136. Jaina Temple at Gualior.
(From a Photograph.)

for residences. One curious fact regarding them is, that, according to inscriptions, they were all excavated within the short period of about thirty-three years, between A.D. 1441 and A.D. 1474. Some of the figures are of colossal size: one, for instance, is 57 ft. high, which is greater than any other in the north of India, though in the south there are several which equal or surpass it, and, as free-standing figures are more expressive and more difficult to execute.

Khajurâho.

The city of Khajurâho, the ancient capital of the Chandels, is situated about 125 miles W.S.W. from Allahabad, and about 150 miles S.E. from Gualior. It is now a wretched deserted place, but has in and around it a group of some thirty temples, which, so far as is at present known, are the most beautiful in form as well as the most elegant in detail of any of the temples now standing in India.[275]

137. Temple of Parswanatha at Khajurâho. (From a Photograph.)

So far as can be made out from such inscriptions as exist, as well as from their style, it appears that all these temples, with two unimportant exceptions, were executed simultaneously and within the limits of the 11th century: and, what is also curious, they seem to be, as nearly as possible, equally divided between the three religions. In each group there is one greater than the rest—a cathedral in fact—round which the smaller ones are clustered. In the Saiva group it is the Kandarya Mahadeva, of which a representation will be given further on; in the Vaishnava group it is the Ramachandra; and in the Jaina the Jinanatha: all three so like one another that it requires very great familiarity with the photographs to distinguish the temple of one religion from those of the others. It looks as if all had been built by one prince, and by some arrangement that neither sect should surpass or be jealous of the other. Either from this, or from some cause we do not quite understand, we lose here all the peculiarities we usually assign to Jaina temples of this age. The vimana or sikra is more important than the porch. There are no courtyards with circumambient cells; no prominent domes, nor, in fact, anything that distinguishes Jaina from Hindu architecture. If not under the sway of a single prince, they must have been erected in an age of extreme toleration, and when any rivalry that existed must only have been among the architects in trying who could produce the most beautiful and most exquisitely adorned building.

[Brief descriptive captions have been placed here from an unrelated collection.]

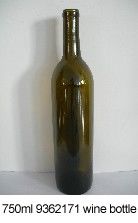 Wine-Bottle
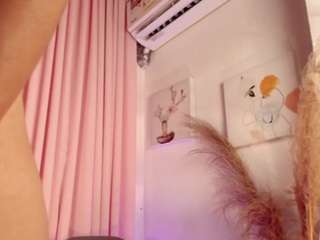 meganlux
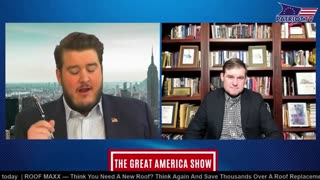 PATRIOT.TV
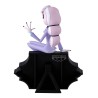 Figura Charlie Morningstar ver. B Monitor Top Figure Hazbin Hotel 14cm - imagen 3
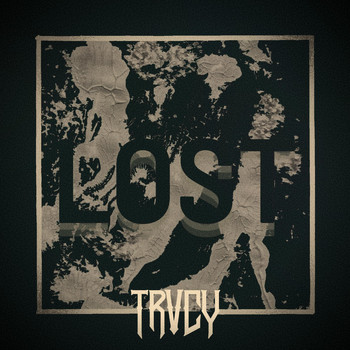TRVCY - LOST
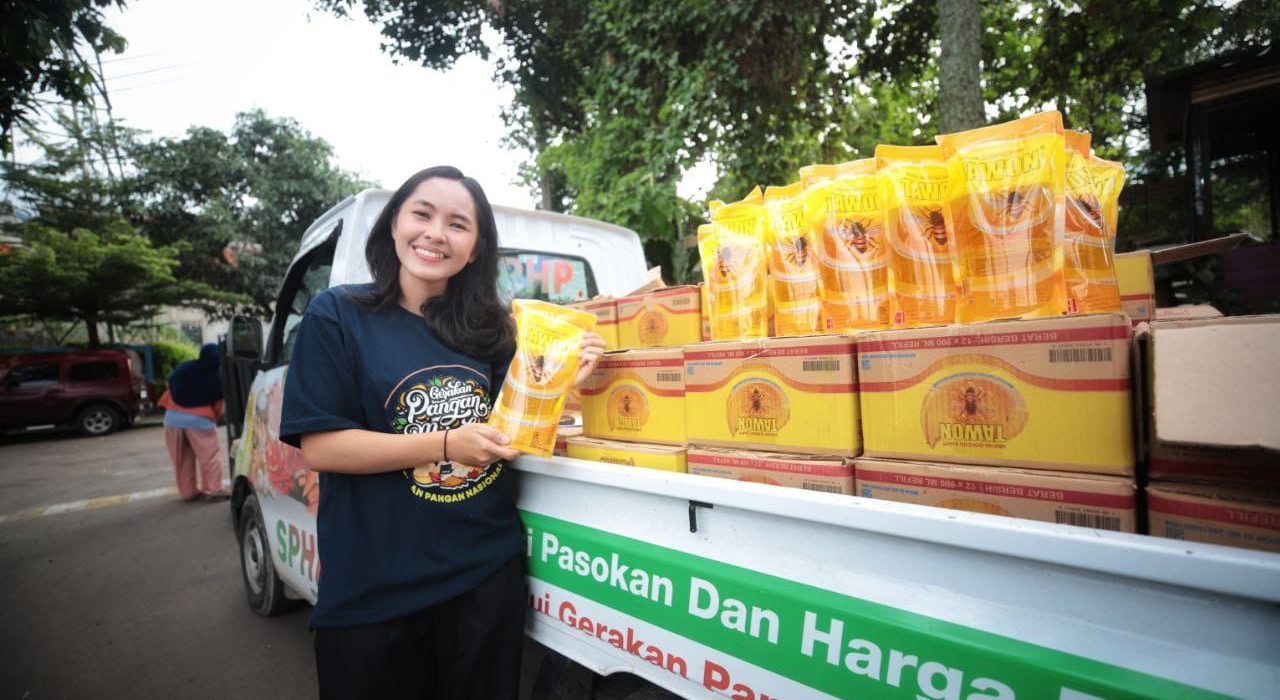 Pahami Pentingnya Kemasan BDKT untuk Usaha Makanan Olahan: Keamanan, Branding, dan Peluang Pasar Lebih Luas!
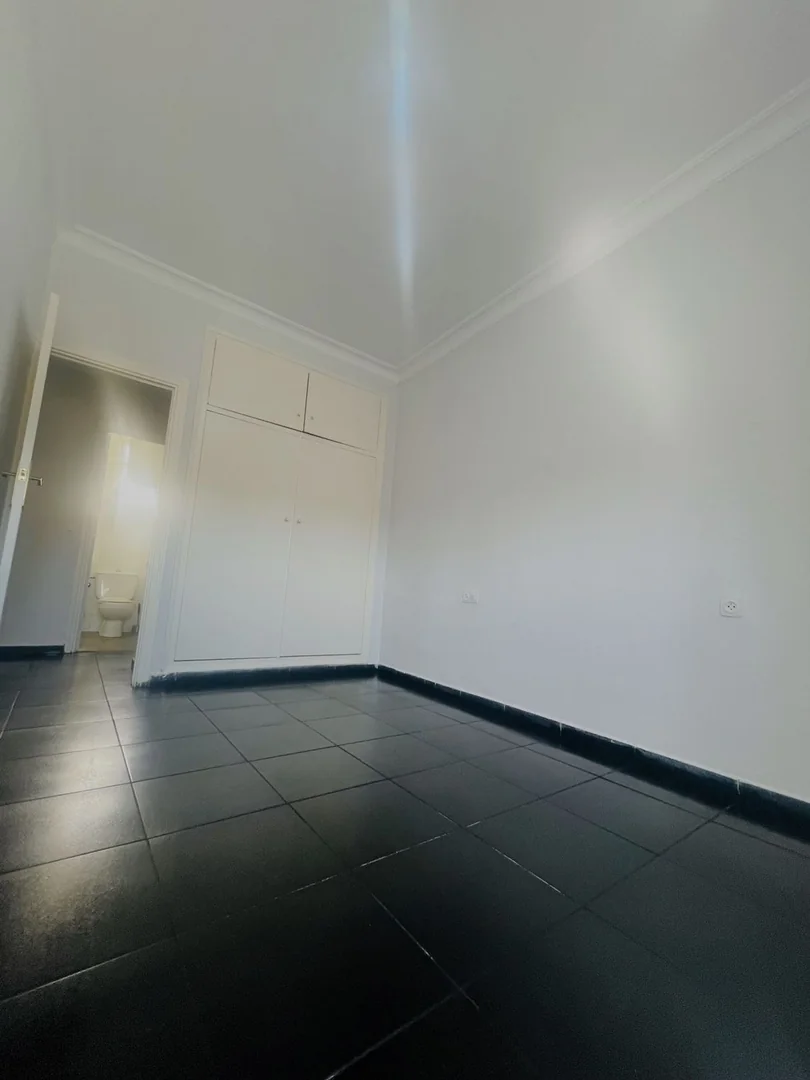 Piso en Calle de Campomanes, 8, Palacio - Foto 5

As an illustration of one of the three great temples will be given further on, a view of one of the smaller Jaina temples, that of Parswanatha ([Woodcut No. 137]), will suffice to illustrate the style of art here employed. Its porch either never was added or has been removed and replaced in modern times by a brick abomination with pointed arches. This, however, hardly interferes with the temple itself. There is nothing probably in Hindu architecture that surpasses the richness of its three-storeyed base combined with the extreme elegance of outline and delicate detail of the upper part.